A stroke is a serious potentially life-threatening medical condition that happens when the blood supply to part of the brain is cut off. Stroke is an important health problem due to its potential for high mortality and morbidity rates, as well as its prevalence in the population.
According to Heart Disease and Stroke Statistics-2023 Update: A Report From the American Heart Association;
– When considered separately from other CVDs, stroke ranks fifth among all causes of death, behind diseases of the heart, cancer, COVID-19, and unintentional injuries/accidents.
– An estimated 9.4 million Americans ≥20 years of age self-report having had a stroke (NHANES 2017–2020 data).
– Each year, ≈795 000 people experience a new or recurrent stroke. Approximately 610 000 of these are first attacks, and 185 000 are recurrent attacks.
– Projections show that by 2030 an additional 3.4 million US adults ≥18 years of age, representing 3.9% of the adult population, will have had a stroke, a 20.5% increase in prevalence from 2012.
– On average, every 3 minutes 17 seconds, someone died of a stroke.
– Approximately 67% of stroke deaths occurred outside of an acute care hospital.
– More females than males die of stroke each year because of the higher prevalence of elderly females compared with males. Females accounted for 56.5% of US stroke deaths in 2020.
Recognizing the symptoms and seeking immediate medical attention is crucial to increase the chances of survival and minimize long-term complications.
Even if a stroke is not fatal, it can cause significant disability and have a profound impact on a person’s quality of life. Survivors may experience paralysis, loss of muscle control, difficulty speaking or understanding speech, cognitive impairments, emotional disturbances, and other long-term disabilities. Stroke rehabilitation and post-stroke care are vital in minimizing the impact of these disabilities and promoting recovery.
According to the World Health Organization (WHO), stroke is the second leading cause of death globally and a leading cause of disability. The incidence of stroke varies across countries and populations, but it affects millions of people each year. Certain risk factors, such as age, high blood pressure, smoking, diabetes, obesity, and unhealthy lifestyle choices, contribute to the increased prevalence of strokes.
Quickly recognizing if someone may be experiencing a stroke increases the potential for life-saving measures and prevents permanent damage. Therefore, it is essential to be aware of stroke symptoms.
To help remember the steps for early diagnosis and fast response to a stroke, you can use the acronym “BE FAST.” Each letter stands for a critical action or symptom to look for when suspecting a stroke. Here’s what it stands for:
B – Balance: Sudden loss of balance or coordination.
E – Eyes: Sudden vision loss or double vision.
F – Face: Ask the person to smile. Look for drooping on one side of the face.
A – Arms: Ask the person to raise both arms. Look for weakness or drift in one arm.
S – Speech: Ask the person to repeat a simple phrase. Check for slurred or garbled speech.
T – Time: If you observe any of the above signs, it’s time to call emergency services immediately. Time is critical in stroke treatment.
Remember, these signs are not exhaustive, and other symptoms can also indicate a stroke. If you suspect someone is having a stroke, it’s essential to act quickly and seek immediate medical attention.
The sooner a person receives treatment for a stroke, the less damage is likely to happen. Now let’s take a closer look at the emergency treatment of stroke. The time-sensitive treatment for stroke is known as thrombolysis or clot-busting medication. The specific medication used is called tissue plasminogen activator (tPA). This treatment is most effective when administered within a specific time window after the onset of stroke symptoms.
The current recommended time window for thrombolysis is within 4.5 hours from the onset of symptoms. However, in some cases, it may be possible to administer thrombolytic therapy up to 9 hours after symptom onset under certain criteria and with careful evaluation.

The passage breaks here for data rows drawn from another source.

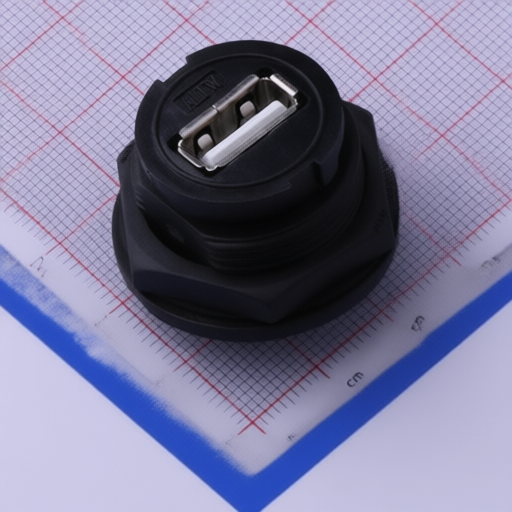 Amphenol UA-20PMFP-LC7001 for sale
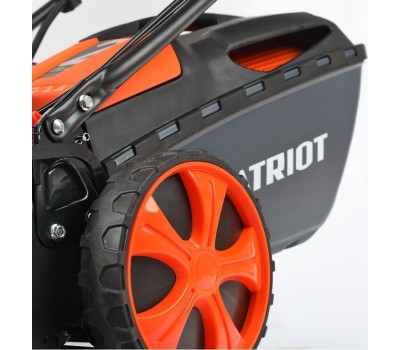 Газонокосилка бензиновая PATRIOT 512109028 PT 53LSE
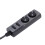 Car Subwoofer Remote Control Cable for TS-WX130DA – Durable ABS Fit 6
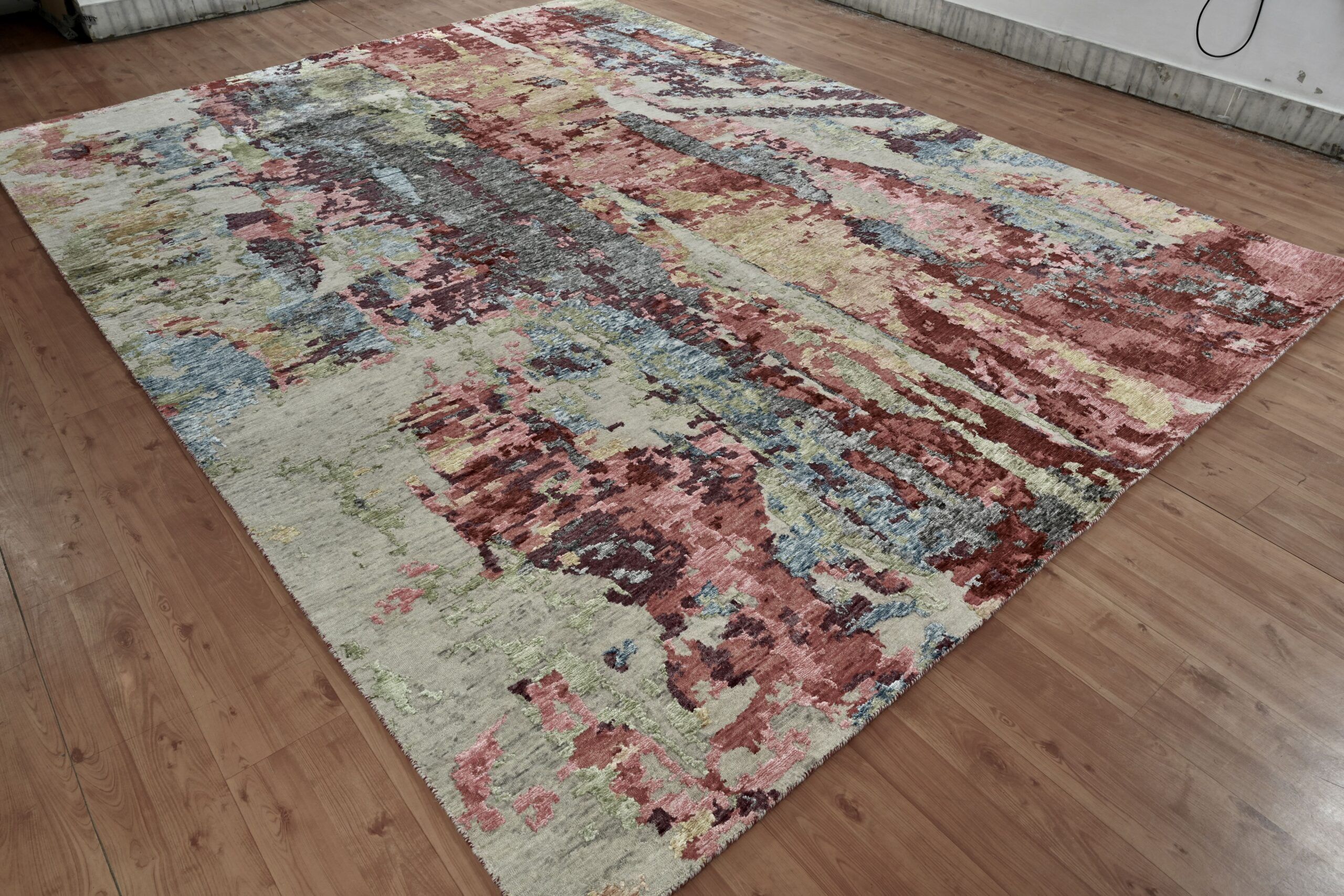 Fine Alpine Modern 13.8 x 10 - Image 5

It is crucial to emphasize that time is critical in stroke treatment. The sooner thrombolysis is initiated, the better the chances of successfully dissolving the clot and restoring blood flow to the affected part of the brain. Delaying treatment significantly reduces the effectiveness of thrombolytic therapy.
In addition to thrombolysis, there is another time-sensitive treatment called endovascular thrombectomy. This procedure involves physically removing the clot using specialized tools, typically performed by interventional radiologists or neurosurgeons. Endovascular thrombectomy is recommended for selected patients with large vessel occlusion strokes and can be performed within a specific time window, generally up to 6 hours or sometimes up to 24 hours, depending on individual patient factors.
These time windows and treatment options can vary depending on the specific guidelines and protocols in different healthcare settings. If you suspect someone is having a stroke, call emergency services immediately, as they will be able to assess the situation and provide the appropriate treatment in a timely manner.